What’s New Onstage? What’s Popular?

Cincinnati has a theater scene that’s surprisingly sophisticated for a city this size.

click to enlarge Venus in Fur
Venus in Fur

Cincinnati has a theater scene that’s surprisingly sophisticated for a city this size. Local theaters present hit plays, often well before they are produced in larger cities. American Theatre magazine compiles an annual list of the season’s most-produced shows at 404 theaters, where a total of 1,876 plays will be produced during 2014-2015. (The list excludes works by Shakespeare as well as holiday works such as A Christmas Carol and The Santaland Diaries.) The good news is that, thanks to our local theaters, many of these plays have already been staged locally or will be soon.

Heading up the list is Christopher Durang’s Vanya and Sonia and Masha and Spike, a 2013 Tony Award-winning comic riff on plays by Anton Chekhov. The Cincinnati Playhouse is one of 27 regional theaters staging it this season (its four-week run starts March 12, 2015). In second place with 10 productions is John Patrick Shanley’s romantic comedy Outside Mullingar, scheduled for Ensemble Theatre Cincinnati next May.

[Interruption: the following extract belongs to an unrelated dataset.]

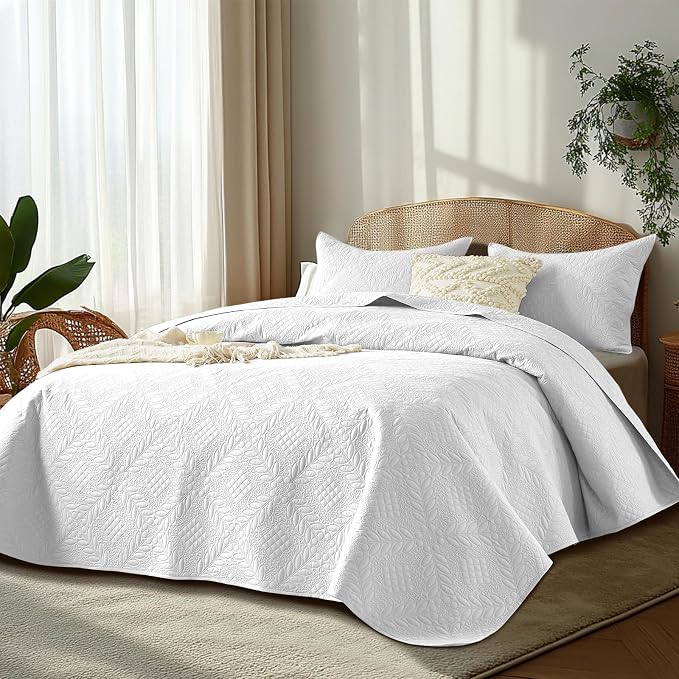 FLYMME Twin Quilt Bedding Set, Lightweight White Bedspreads, Vintage Olive Leaf - Image 2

Two works are getting eight productions. One is Jon Robin Baitz’s Other Desert Cities, about a dysfunctional family of egos that had 13 productions a year ago. One of those was ETC’s season opener in September 2013. It will be staged by eight more theaters this season. The other is Joshua Harmon’s Bad Jews, not being staged locally.

Four shows are tied with seven productions, including Rick Elice’s award-winning Peter and the Starcatcher, a charming prequel to Peter Pan. The Playhouse presents it in March 2015. Another show being staged at seven theaters is Matthew Lopez’s The Whipping Man. ETC was one of the first theaters to produce the show (January-February 2013) following its Broadway run. The story of one-time slaves marking Passover in a demolished mansion at the end of the Civil War is on the most-produced list for the third straight year. 

ETC’s D. Lynn Meyers’ skill at landing new plays and giving them memorable productions means local theatergoers were also among the first to see Nina Raine’s Tribes, a story of philosophical warfare in a family with a deaf son, which received 12 productions last season and gets seven more this season. 

Amy Herzog’s 4000 Miles, about a generational bridge between a feisty grandmother and her troubled adult grandson, is getting six productions during 2014-2015. It was popular last season, too, when the Cincinnati Playhouse staged it late last winter, one of 22 regional productions.

David Ives’ witty comedy about erotic warfare, Venus in Fur, led the 2013-2014 list with 22 productions, including one that titillated Playhouse audiences in April-May 2014. It’s getting six more productions this season. The third show being staged six times is well known: Stephen Sondheim and James Lapine’s fairytale mash-up Into the Woods, the oldest show on the list and the only musical. It’s possibly attracting attention because it will be released as a major motion picture with a starry cast in December.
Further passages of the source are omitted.